M. Jahoda: Lebensgeschichtliche Protokolle der arbeitenden Klassen

Titel
Lebensgeschichtliche Protokolle der arbeitenden Klassen 1850–1930. Dissertation 1932, hrsg. v. Bacher, Johann; Kannonier-Finster, Waltraud; Ziegler, Meinrad


Autor(en)
Jahoda, Marie
Reihe
transblick 13
Erschienen
Innsbruck 2017: StudienVerlag
Anzahl Seiten
388 S.
Preis
€ 26,90
Rezensiert für H-Soz-Kult von
Rainer Leitner, Graz

Marie Jahoda ist neben Paul Felix Lazarsfeld und Hans Zeisel bekannt als Mitautorin der Studie "Die Arbeitslosen von Marienthal. Ein soziographischer Versuch über die Wirkungen langdauernder Arbeitslosigkeit", erschienen in Leipzig 1933.

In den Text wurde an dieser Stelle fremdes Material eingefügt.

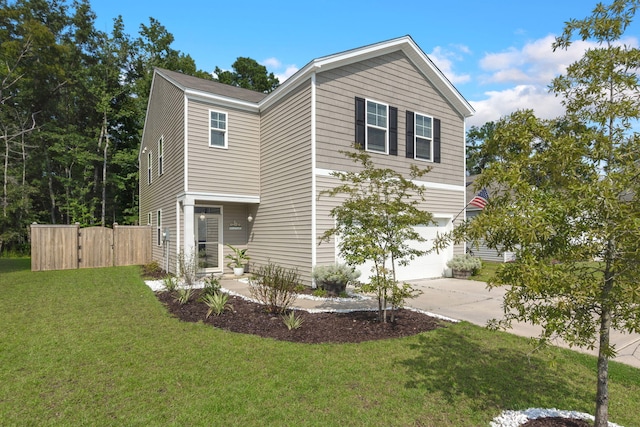 view of front of home with a gate, fence, concrete driveway, a front lawn, and a garage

Ein Blick auf ihre Biographie zeigt, dass sie als drittes von vier Kindern neben ihren Brüdern in einer bürgerlichen und assimilierten jüdischen Wiener Familie (ihr Vater ist Gesellschafter der Firma Carl Jahoda, Spezialgeschäft für technische Papiere und Utensilien) aufwächst und 1926 am Wiener Mädchen-Realgymnasium des Vereins für Realgymnasialen Mädchenunterricht maturiert. Das Jahr 1925 markiert den Zeitpunkt ihres Austrittes aus der Israelitischen Kultusgemeinde. Früh schon widmet sich Marie Jahoda mit Engagement dem Verband Sozialistischer Mittelschüler; hier lernt sie auch den damaligen Lehrer und späteren (1926 bis 1934) Ehemann, Paul Felix Lazarsfeld, kennen. Dieser Ehe entstammt Marie Jahodas einziges Kind, Lotte Franziska, verheiratete Bailyn, die Bekanntheit als Professor of Management an der Sloan School of Management des Massachusetts Institute of Technology erlangt. Marie Jahoda, die ihren Geburtsnamen beibehält, beginnt ein Doppelstudium. Einerseits belegt sie das Fach Psychologie an der Universität Wien, andererseits besucht sie den Hochschulmäßigen Lehrerbildungskurs des Pädagogischen Instituts der Stadt Wien, den sie 1926 als provisorische Lehrerin für Volks- und Bürgerschulen sowie als Kindergärtnerin ausgebildet abschließt. Als 21-Jährige verlässt Marie Jahoda Wien für ein Jahr, um in Paris Vorlesungen an der Sorbonne zu hören. Das Studium der Psychologie beendet sie 1932 mit ihrer Dissertation "Anamnesen im Versorgungshaus (Ein Beitrag zur Lebenspsychologie)".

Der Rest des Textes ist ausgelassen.